Veterinarian Christy Layton told Andrews, “The community is at risk, because if they get bitten, we don’t know anything about the vaccine history of these cats.” But Layton showed her true colors five years ago when, as president of the Hillsborough County Veterinary Medical Society, she co-authored a ludicrous “proposal” that would have effectively ended TNR in Hillsborough County—leaving thousands of cats unvaccinated.
And that same “proposal” would have housed up to 750 cats “unable to be adopted for whatever reason” on each of two 10-acre “compounds” where “electricity would likely not be required.”
But now we’re expected to believe Layton is concerned for the welfare of Hillsborough County’s community cats? (“What happened to those cats? Did they get eaten by coyotes? Did they get hit by cars?” she asked Andrews.) As I say, Layton’s already shown her true colors.
Another local veterinarian opposed to TNR, Katie Thompson, compared rabies to Ebola—conveniently neglecting to mention (at least in Andrews’ telling) that it’s been more than 40 years since a case of human rabies in the U.S. was attributed to a cat. 

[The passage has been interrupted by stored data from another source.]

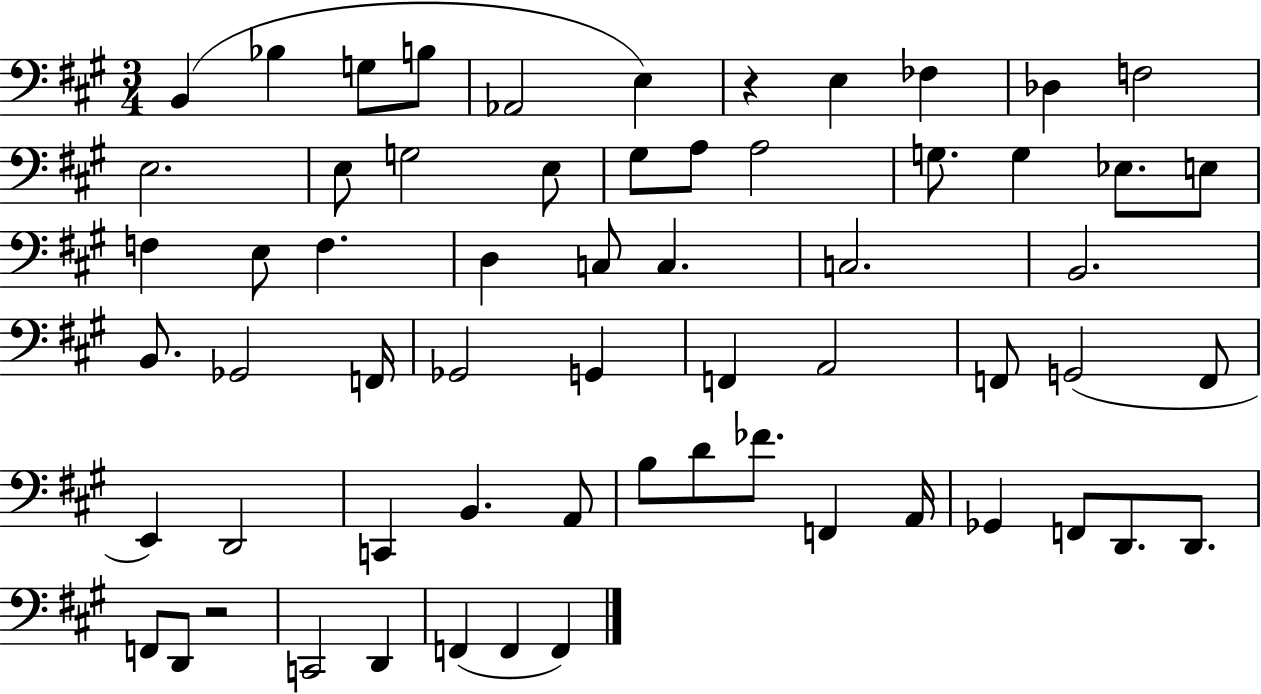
{
  \clef bass
  \numericTimeSignature
  \time 3/4
  \key a \major
  \repeat volta 2 { b,4( bes4 g8 b8 | aes,2 e4) | r4 e4 fes4 | des4 f2 | \break e2. | e8 g2 e8 | gis8 a8 a2 | g8. g4 ees8. e8 | \break f4 e8 f4. | d4 c8 c4. | c2. | b,2. | \break b,8. ges,2 f,16 | ges,2 g,4 | f,4 a,2 | f,8 g,2( f,8 | \break e,4) d,2 | c,4 b,4. a,8 | b8 d'8 fes'8. f,4 a,16 | ges,4 f,8 d,8. d,8. | \break f,8 d,8 r2 | c,2 d,4 | f,4( f,4 f,4) | } \bar "|."
}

What’s really going on here?
When you’ve got veterinarians, lawyers, public health officials, and members of the news media clamoring to shut down the only programs providing vaccinations for the very animals least likely to receive such services you have to wonder about their motivation.
The evidence suggests this visceral opposition to TNR—and to subsidized veterinary services in general—has very little to do with public health or animal welfare. Consider, for example, two years during which three cats tested positive for rabies in Hillsborough County: 2001 and 2016.* In 2001, more than 15,500 cats entered the municipal shelter and only about 1,500 made it out alive; last year, nearly 83 percent of the 7,889 cats entering the same shelter made it out the front door.
Protecting cats and protecting public health are not mutually exclusive.
If the current number of rabies cases is a grave public health concern, then where was the outcry in 2001? And where were these same “concerned citizens” when, following a highly publicized rabies case in 2013, the Animal Coalition of Tampa and Humane Society of Tampa Bay sponsored a mobile vaccine clinic?
That’s easy—they were nowhere to be found.
One wonders if Layton, Thompson, and their like-minded colleagues will be satisfied now that Scott Trebatoski, Director of the Hillsborough County Pet Resources Center, has announced that all cats included in the shelter’s TNR efforts will now be microchipped. Although this will obviously improve the ability to track a particular cat’s vaccination history, I doubt opponents will let up.
Indeed, even if community cat programming was halted countywide, there would still be all the veterinary services provided to the many pets of low-income residents—which seems to be the real objection here. So, unless and until Hillsborough County’s private-practice vets are the only game in town, I’m afraid we can expect the witch-hunt against outdoor cats to continue.
*Hillsborough County averaged just one case of rabies in cats annually between 2001 and 2016.
- CDC. Recovery of a Patient from Clinical Rabies—California, 2011. Morbidity and Mortality Weekly Report. 61, 61–64 (2012).